■ DATA SHOWN ■

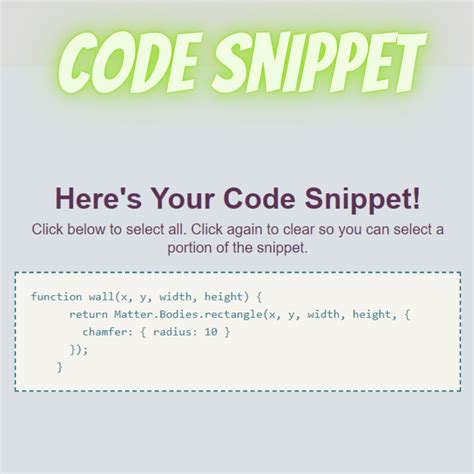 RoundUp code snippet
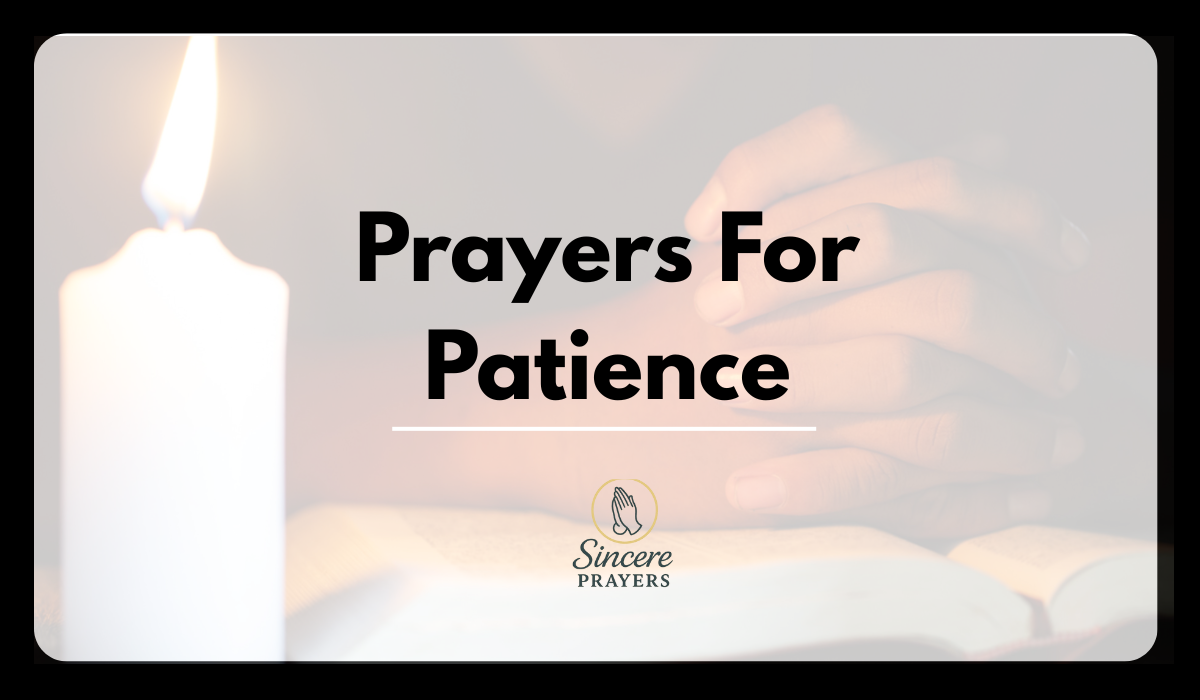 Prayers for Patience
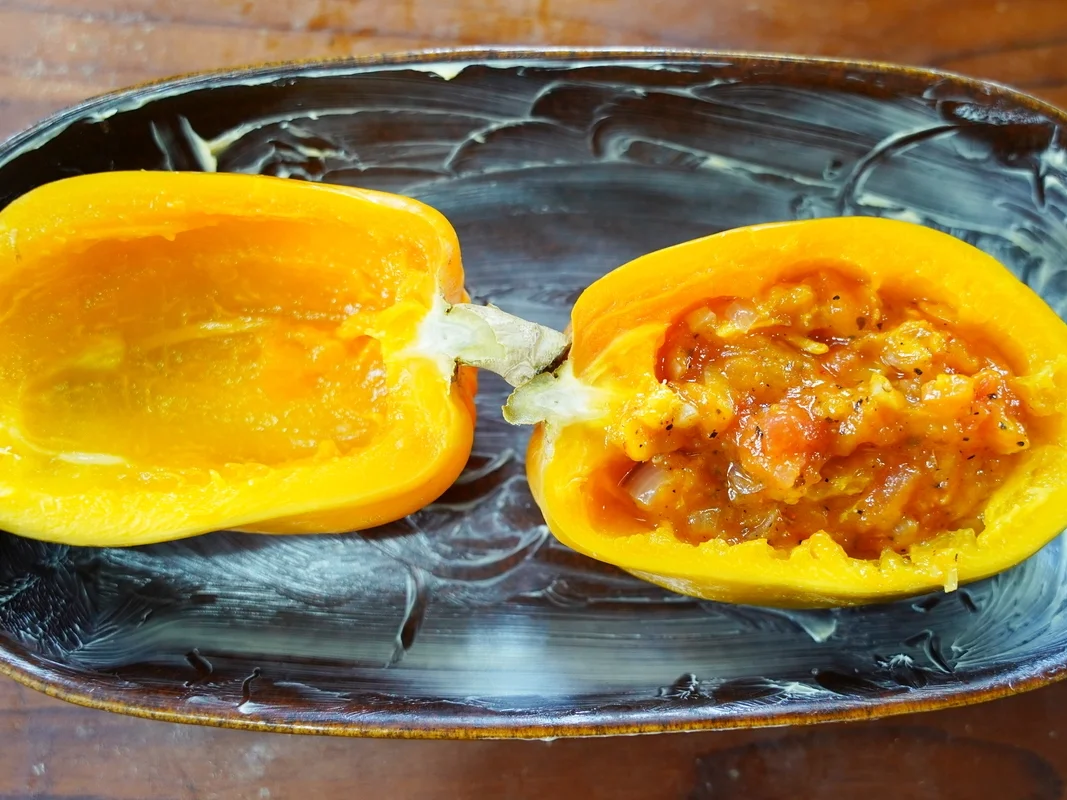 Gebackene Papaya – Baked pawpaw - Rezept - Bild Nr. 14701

■ ASSIGNMENT ■
The lines to repeat run from the line containing "Prayers for Patience" through the last line of the material above; give them exactly, without the pictures.

■ RESPONSE TO THIS EXERCISE ■
 Prayers for Patience
 Gebackene Papaya – Baked pawpaw - Rezept - Bild Nr. 14701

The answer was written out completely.